• **Required work**
Set down all of the data that follows word for word, without the images.

• **Material provided**
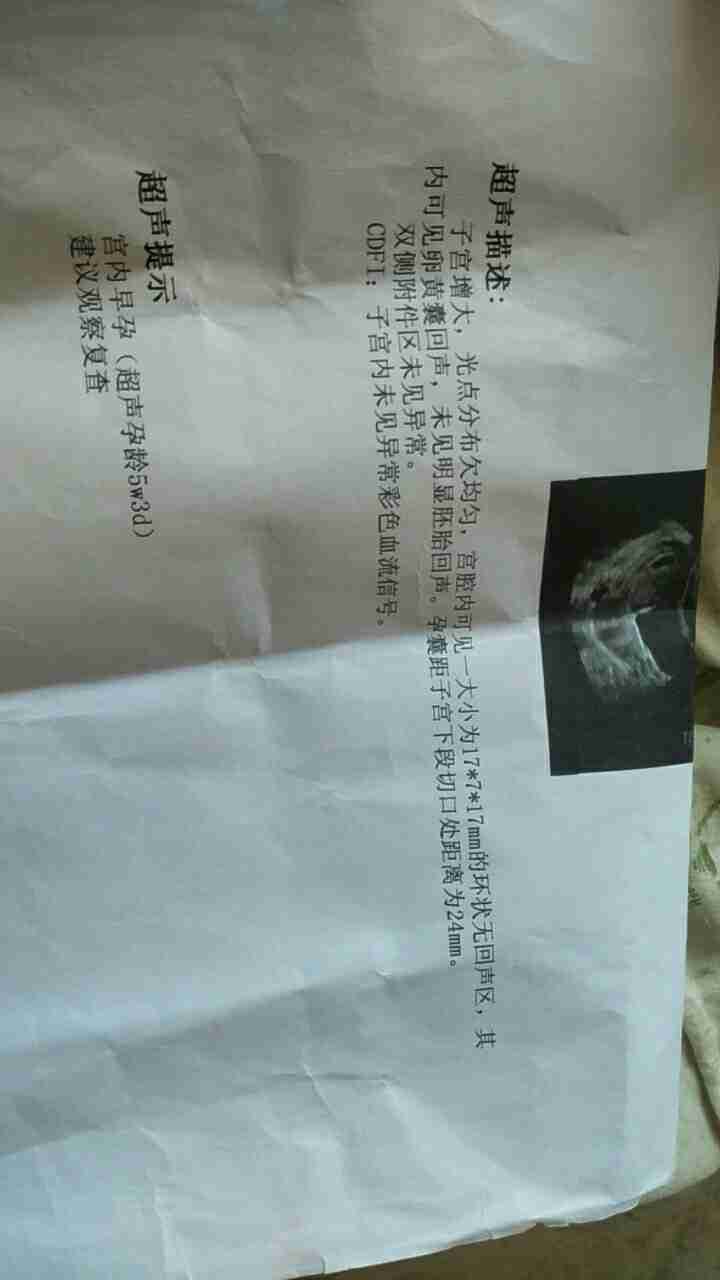 無痛人流需要多少錢？一篇文章全面解析費用構(gòu)成，全面解析無痛人流費用構(gòu)成，手術(shù)費用及注意事項一網(wǎng)打盡！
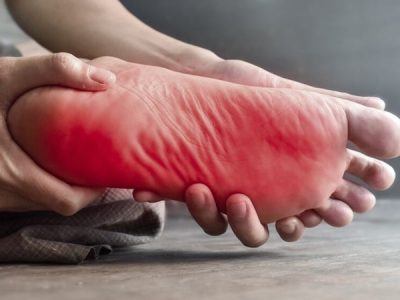 علت داغی کف پا
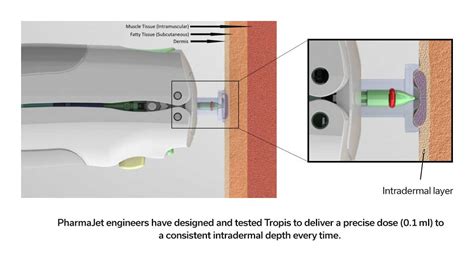 tropis id jet injector needle  injection system pharmajet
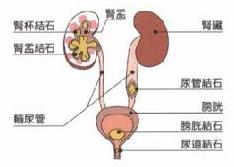 尿道结石怎么治疗(图1)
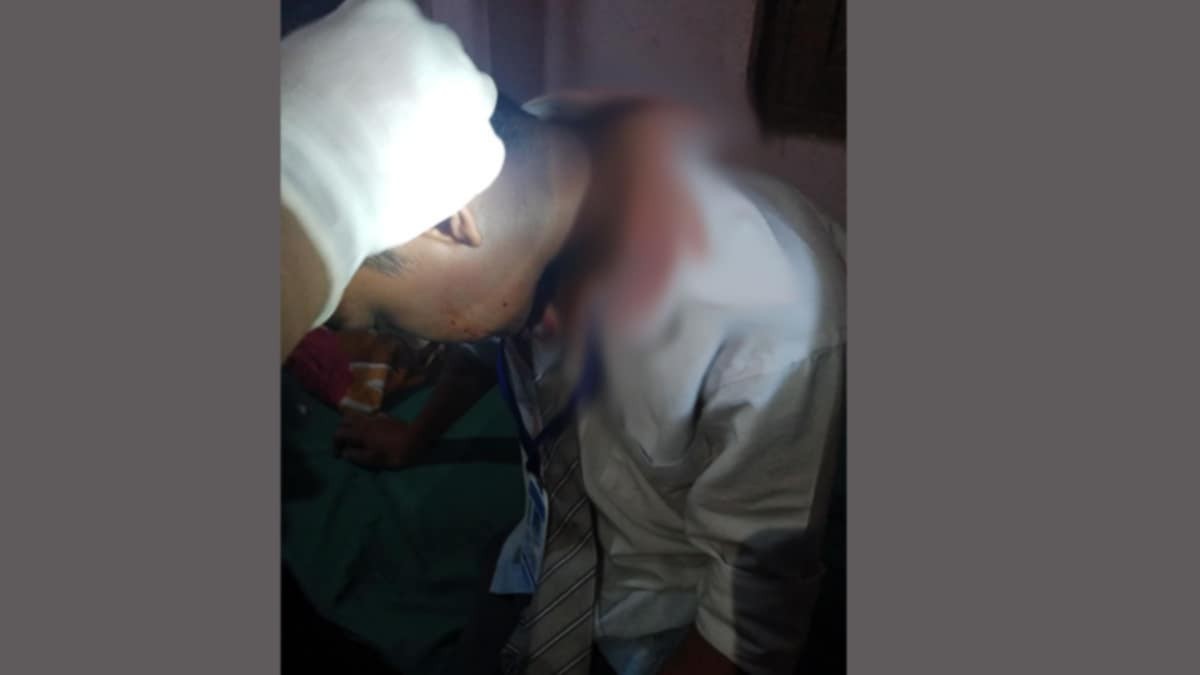शिक्षकले हानेको फलामको स्केलले लागेर विद्यार्थी घाइते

• **Task answer**
 無痛人流需要多少錢？一篇文章全面解析費用構(gòu)成，全面解析無痛人流費用構(gòu)成，手術(shù)費用及注意事項一網(wǎng)打盡！
 علت داغی کف پا
 tropis id jet injector needle  injection system pharmajet
 尿道结石怎么治疗(图1)
शिक्षकले हानेको फलामको स्केलले लागेर विद्यार्थी घाइते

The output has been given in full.